Input data:

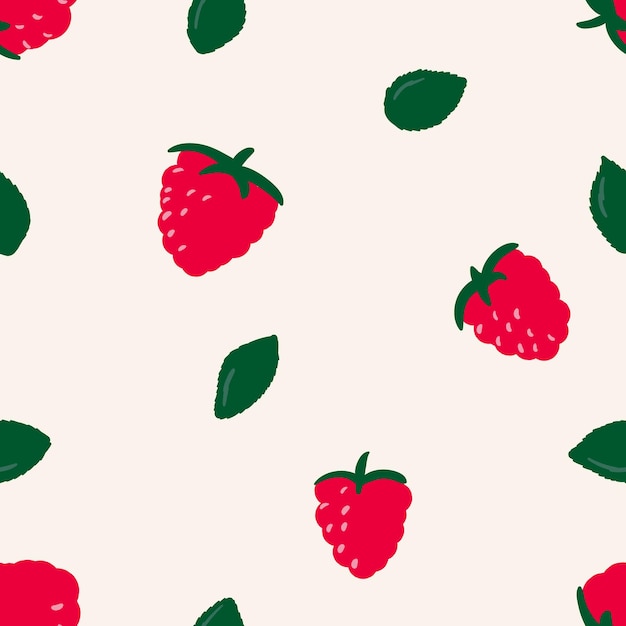 Seamless ornament with raspberries Raspberry vector pattern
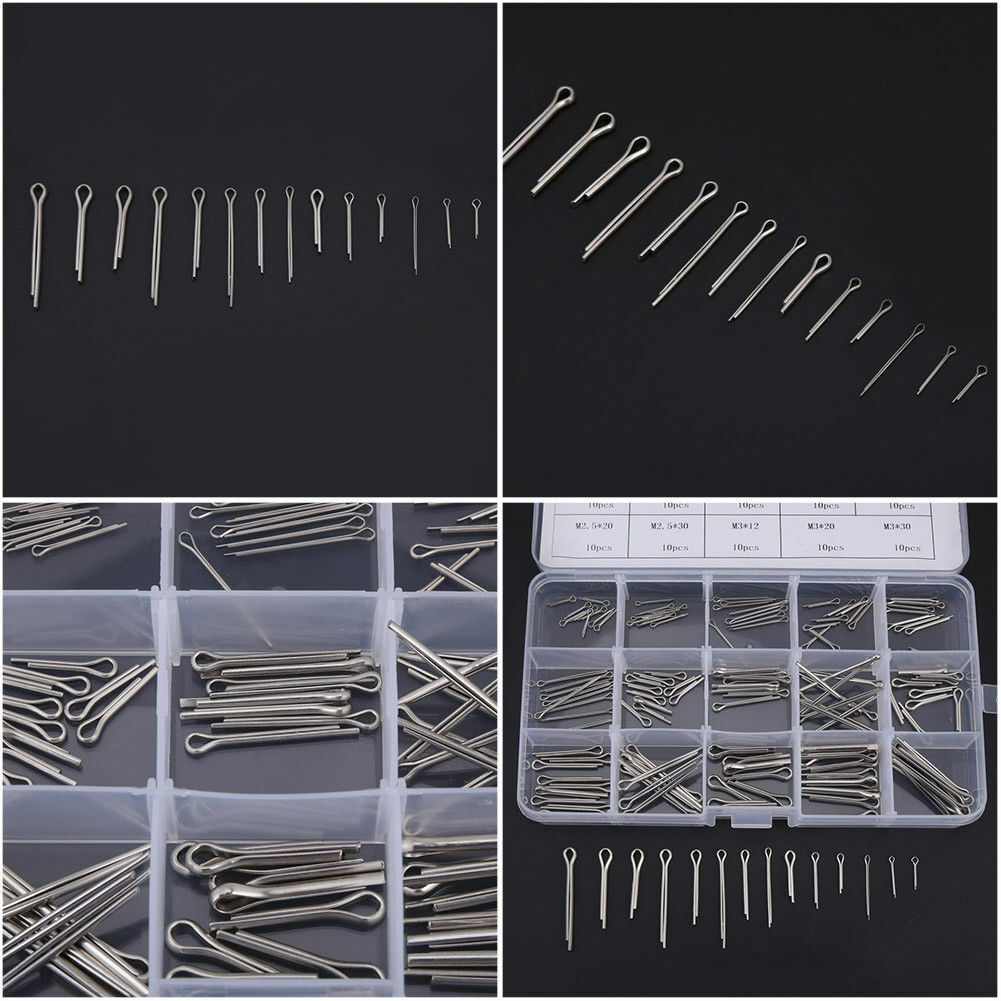 150Pcs 15 Kinds 304 Stainless Steel Split-Cotter Pins Kit M1 M1.5 M2 M2.5 M3 New
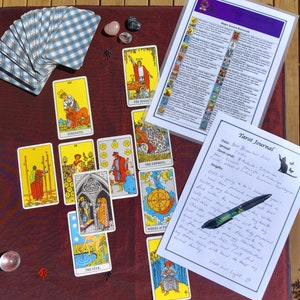 Tarot Cheat Sheet complete guide, 13 page bundle, Major & Minor keywords, Court cards, Tarot suits, Elements, Numerology, Tarot spreads. image 10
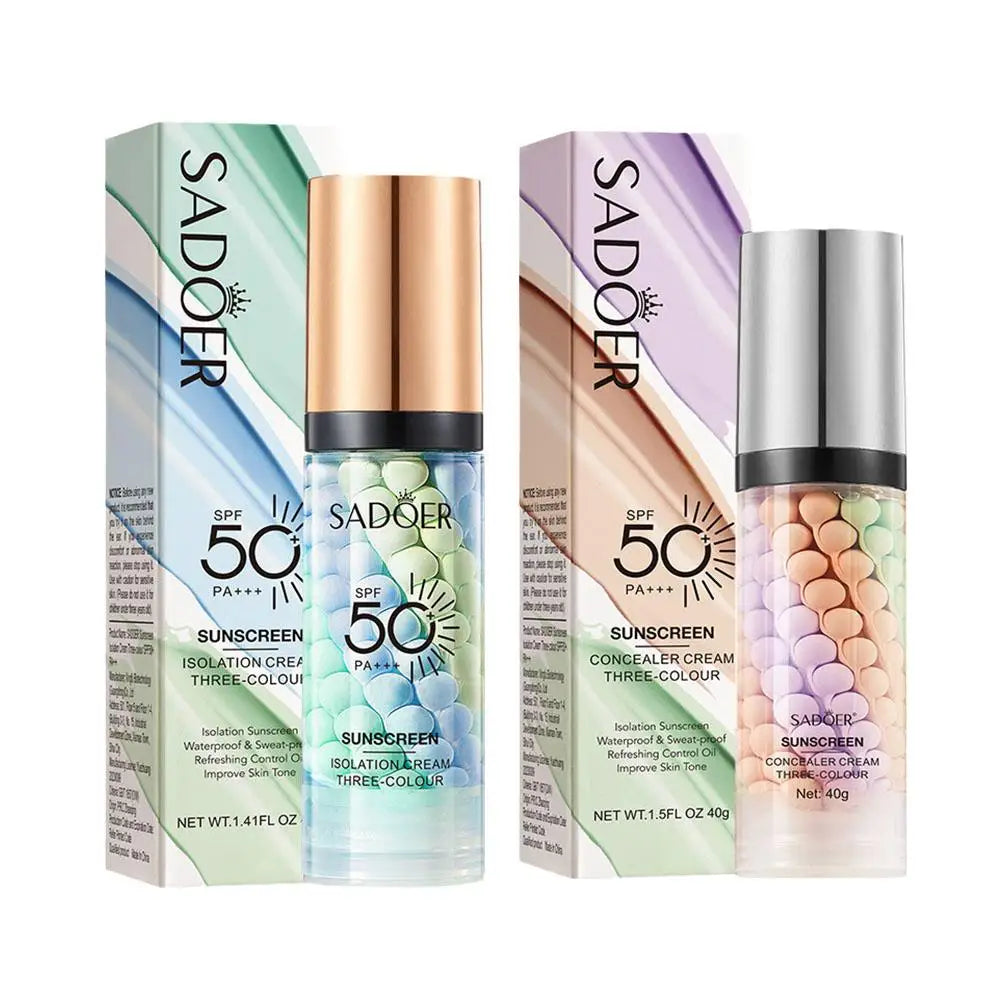 SADOER Tri-Color Makeup Primer SPF50+ Contour Base Cream 40g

Exercise instructions: Strip out the pictures and quote the remaining data word for word.

Written reply:
 Seamless ornament with raspberries Raspberry vector pattern
 150Pcs 15 Kinds 304 Stainless Steel Split-Cotter Pins Kit M1 M1.5 M2 M2.5 M3 New
 Tarot Cheat Sheet complete guide, 13 page bundle, Major & Minor keywords, Court cards, Tarot suits, Elements, Numerology, Tarot spreads. image 10
 SADOER Tri-Color Makeup Primer SPF50+ Contour Base Cream 40g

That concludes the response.